第2回までは、顧客企業の視点から、「ビッグデータ」ブームの影響を考察してきた。今回は、ビッグデータが日本のITベンダー/システムインテグレータ(SIer)でどのような商談を生んでいくのかを考えていこう。

 「The Next Big Thing(次の時代に来るもの)」――。IT業界においては、クラウドの次のThe Next Big Thingとして、ビッグデータへの期待が高まっている。

 実際、ITベンダー22社トップの年頭所感を見ると、クラウドと並んでビッグデータを重視する企業が目立っている。「ビッグデータ」「大量のデータ」といったキーワードを挙げているベンダーを数えたところ、22社中10社という結果であった。

 The Next Big Thingとしてビッグデータを推すIT業界の商材としては、次のようなものがある。

(1)ストレージ
(2)大規模DWH(データウエアハウス)
(3)BI(ビジネスインテリジェンス)や統計解析ツール
(4)クラスタ構築などのHadoop関連ソリューション
(5)データ分析のコンサルティング/受託業務

 他にもデータ統合やデータのクレンジングなどもあるが、大きいものは前述の5つだろう。そこで今回は、これらの商材別に特需の有無を考察し、日本のSIer、ベンダーがどのような戦略を立てるべきか、考えていく。

追い風は見込み薄のDWH、BI市場

 (1)の「ストレージ」需要と、ビッグデータとのつながりは理解しやすい。ただし、「特需」というほどのインパクトを及ぼすかどうかは疑わしい。元々データ量は増加トレンドにあり、ビッグデータという言葉がはやったくらいでは、さらに増加トレンドを急峻にするほどのインパクトはないと推定される。

 (2)の「大規模DWH」についてはどうか。海外の大手ベンダーはDWHベンチャーを相次いで買収している。

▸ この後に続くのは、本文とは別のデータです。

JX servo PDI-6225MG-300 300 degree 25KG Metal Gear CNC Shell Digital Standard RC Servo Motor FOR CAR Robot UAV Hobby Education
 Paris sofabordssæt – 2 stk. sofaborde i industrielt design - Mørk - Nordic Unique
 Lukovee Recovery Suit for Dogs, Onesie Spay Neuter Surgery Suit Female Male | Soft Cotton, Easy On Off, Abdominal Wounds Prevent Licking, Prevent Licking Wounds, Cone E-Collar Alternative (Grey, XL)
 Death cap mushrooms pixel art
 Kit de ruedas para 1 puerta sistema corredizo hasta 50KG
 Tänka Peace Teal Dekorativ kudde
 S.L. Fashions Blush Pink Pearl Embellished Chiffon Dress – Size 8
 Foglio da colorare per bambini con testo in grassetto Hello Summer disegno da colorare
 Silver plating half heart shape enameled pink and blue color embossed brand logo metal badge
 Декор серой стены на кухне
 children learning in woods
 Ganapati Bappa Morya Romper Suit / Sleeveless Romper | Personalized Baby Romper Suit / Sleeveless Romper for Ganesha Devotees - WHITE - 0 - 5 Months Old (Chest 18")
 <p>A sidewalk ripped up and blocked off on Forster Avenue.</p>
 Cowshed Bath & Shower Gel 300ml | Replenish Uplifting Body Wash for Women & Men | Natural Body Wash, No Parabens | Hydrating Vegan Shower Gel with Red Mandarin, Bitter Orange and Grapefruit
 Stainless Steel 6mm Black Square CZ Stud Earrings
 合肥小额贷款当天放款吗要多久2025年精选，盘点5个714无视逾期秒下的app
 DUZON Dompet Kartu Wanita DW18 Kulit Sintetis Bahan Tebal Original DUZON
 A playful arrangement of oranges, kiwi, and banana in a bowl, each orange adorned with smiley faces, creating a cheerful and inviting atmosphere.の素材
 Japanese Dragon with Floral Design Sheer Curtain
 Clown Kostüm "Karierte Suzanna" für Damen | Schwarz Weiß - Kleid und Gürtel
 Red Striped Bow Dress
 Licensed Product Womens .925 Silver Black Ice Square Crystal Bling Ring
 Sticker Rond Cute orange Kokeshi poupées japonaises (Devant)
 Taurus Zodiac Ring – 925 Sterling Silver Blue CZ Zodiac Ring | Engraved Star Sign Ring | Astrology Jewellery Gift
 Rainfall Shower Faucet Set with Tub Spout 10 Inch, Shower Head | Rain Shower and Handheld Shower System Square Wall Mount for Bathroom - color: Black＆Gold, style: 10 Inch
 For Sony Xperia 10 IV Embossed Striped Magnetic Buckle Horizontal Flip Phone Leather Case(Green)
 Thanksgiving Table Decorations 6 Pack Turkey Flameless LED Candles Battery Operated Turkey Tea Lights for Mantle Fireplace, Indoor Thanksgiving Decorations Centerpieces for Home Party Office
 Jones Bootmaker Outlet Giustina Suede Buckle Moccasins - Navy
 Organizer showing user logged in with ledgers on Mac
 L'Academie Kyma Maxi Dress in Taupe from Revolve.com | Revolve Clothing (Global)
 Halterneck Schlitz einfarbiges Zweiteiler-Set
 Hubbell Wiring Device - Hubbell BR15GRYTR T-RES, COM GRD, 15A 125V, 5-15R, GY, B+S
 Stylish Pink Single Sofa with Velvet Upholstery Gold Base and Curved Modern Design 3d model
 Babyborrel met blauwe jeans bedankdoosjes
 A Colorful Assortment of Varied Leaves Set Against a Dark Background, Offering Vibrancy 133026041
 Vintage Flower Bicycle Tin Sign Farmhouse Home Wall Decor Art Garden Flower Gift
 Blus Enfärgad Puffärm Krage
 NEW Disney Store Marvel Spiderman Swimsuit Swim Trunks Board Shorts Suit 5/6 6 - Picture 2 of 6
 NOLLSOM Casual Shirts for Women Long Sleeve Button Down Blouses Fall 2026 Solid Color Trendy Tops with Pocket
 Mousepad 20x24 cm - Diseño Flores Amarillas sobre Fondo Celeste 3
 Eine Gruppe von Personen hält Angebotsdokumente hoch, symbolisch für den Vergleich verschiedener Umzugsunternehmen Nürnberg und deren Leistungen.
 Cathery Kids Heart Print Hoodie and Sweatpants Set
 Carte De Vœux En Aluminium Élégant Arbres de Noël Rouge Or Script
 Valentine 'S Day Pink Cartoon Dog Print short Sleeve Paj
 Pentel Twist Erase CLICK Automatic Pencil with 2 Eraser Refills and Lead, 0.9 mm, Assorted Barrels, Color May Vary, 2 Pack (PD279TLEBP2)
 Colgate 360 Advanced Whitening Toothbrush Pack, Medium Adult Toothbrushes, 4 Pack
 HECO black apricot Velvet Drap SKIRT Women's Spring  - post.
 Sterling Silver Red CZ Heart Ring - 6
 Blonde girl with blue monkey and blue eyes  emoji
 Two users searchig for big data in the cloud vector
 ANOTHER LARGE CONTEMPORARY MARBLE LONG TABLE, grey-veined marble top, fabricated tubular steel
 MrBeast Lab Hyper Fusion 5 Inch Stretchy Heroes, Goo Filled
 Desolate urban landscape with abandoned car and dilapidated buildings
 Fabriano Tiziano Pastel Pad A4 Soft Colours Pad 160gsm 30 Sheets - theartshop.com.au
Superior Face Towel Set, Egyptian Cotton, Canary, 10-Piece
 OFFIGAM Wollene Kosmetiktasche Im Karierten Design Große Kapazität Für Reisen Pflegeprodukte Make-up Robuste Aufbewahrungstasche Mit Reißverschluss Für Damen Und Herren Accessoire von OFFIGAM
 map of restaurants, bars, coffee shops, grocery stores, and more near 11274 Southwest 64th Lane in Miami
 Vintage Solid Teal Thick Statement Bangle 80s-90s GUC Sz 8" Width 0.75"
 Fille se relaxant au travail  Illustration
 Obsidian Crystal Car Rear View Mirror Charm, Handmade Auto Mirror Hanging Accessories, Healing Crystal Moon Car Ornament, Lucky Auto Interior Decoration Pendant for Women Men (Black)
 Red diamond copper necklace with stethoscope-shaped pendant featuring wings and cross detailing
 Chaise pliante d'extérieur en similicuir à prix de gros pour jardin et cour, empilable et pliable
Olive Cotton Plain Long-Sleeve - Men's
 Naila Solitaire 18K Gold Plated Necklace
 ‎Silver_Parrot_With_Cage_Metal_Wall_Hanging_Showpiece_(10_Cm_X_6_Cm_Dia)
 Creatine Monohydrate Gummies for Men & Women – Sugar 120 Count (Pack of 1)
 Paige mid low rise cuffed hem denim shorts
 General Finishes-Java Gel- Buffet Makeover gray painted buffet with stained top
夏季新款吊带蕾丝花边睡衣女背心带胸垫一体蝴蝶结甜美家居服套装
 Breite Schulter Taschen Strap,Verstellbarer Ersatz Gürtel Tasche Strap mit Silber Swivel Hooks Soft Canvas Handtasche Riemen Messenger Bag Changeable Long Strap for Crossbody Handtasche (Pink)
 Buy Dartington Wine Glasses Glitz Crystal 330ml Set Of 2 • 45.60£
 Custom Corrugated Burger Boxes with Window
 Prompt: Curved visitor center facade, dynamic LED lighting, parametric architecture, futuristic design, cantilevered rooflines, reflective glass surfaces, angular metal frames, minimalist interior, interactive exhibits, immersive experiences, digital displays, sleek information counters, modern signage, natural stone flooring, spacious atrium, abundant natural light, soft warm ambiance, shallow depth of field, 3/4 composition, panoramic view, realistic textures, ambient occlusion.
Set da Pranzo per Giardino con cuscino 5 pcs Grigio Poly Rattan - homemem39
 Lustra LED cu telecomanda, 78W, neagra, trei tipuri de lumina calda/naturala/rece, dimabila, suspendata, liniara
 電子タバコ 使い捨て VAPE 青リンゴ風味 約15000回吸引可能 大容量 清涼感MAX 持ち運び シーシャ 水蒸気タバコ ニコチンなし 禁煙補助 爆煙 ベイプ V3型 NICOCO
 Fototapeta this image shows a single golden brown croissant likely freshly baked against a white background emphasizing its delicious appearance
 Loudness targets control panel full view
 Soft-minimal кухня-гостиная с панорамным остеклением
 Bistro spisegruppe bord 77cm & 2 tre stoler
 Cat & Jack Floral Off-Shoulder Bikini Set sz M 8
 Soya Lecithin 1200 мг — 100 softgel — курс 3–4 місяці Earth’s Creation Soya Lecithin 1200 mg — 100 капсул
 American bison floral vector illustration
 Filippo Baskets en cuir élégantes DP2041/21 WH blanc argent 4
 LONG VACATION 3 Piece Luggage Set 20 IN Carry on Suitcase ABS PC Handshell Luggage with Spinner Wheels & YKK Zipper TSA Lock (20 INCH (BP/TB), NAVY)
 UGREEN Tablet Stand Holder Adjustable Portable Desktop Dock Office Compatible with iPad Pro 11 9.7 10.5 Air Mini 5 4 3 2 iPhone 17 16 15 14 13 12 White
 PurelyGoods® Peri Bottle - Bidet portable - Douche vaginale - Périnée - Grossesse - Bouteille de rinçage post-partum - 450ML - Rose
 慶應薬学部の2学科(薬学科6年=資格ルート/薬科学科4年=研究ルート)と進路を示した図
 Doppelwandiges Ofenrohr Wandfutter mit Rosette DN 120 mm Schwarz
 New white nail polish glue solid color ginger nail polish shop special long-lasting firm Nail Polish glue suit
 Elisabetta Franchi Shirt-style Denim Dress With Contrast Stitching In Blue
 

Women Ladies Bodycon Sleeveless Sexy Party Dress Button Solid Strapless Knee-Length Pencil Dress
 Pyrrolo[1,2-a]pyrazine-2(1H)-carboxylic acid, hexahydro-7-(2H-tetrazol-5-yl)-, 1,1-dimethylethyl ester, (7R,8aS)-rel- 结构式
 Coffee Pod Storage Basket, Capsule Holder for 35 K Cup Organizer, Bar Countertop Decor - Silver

米IBMの米ネティーザ(Netezza)買収、米EMCの米グリーンプラム(GreenPlum)買収、米ヒューレット・パッカード(HP)の米バーティカ(Vertica)買収などだ。

 しかし野村総合研究所がユーザー企業の情報システム部門を対象に2012年2月に実施したアンケート結果を見ると、ビッグデータが大規模DWHの購入を後押ししているとは考えづらい。DWHを「1年以内に新規に導入予定」とした回答者は全体の1.6%にすぎないからだ(図1)。「2~3年後に新規導入予定」も2.8%にとどまった。しかも「導入予定なし」が約4割に上っている。

図1●データウエアハウスの導入状況
図1●データウエアハウスの導入状況

 ベンダーとしては、新規導入を狙うよりは、導入済み企業が再構築や更新に差しかかるタイミングでビッグデータを想定した大規模DWHを提案するのが妥当であろう。

 (3)の「BIや統計解析ツール」に関しても同様で、すぐに大きなビジネスになるとは考えづらい。(図2)。「1年以内に導入予定(2.4%)」、「2~3年後に導入予定(2.1%」)を合わせても5%以下であり、「導入予定はない」とする回答者が43.2%もあった。

図2●BIツール/ソリューションの導入状況
図2●BIツール/ソリューションの導入状況

 しかも、(1)~(3)の商材すべてに言えることだが、この分野の主要製品はEMC、米オラクル、IBM、独SAPなど海外ベンダーの製品である。日本のベンダーにとってはあまりうまみのある市場ではない。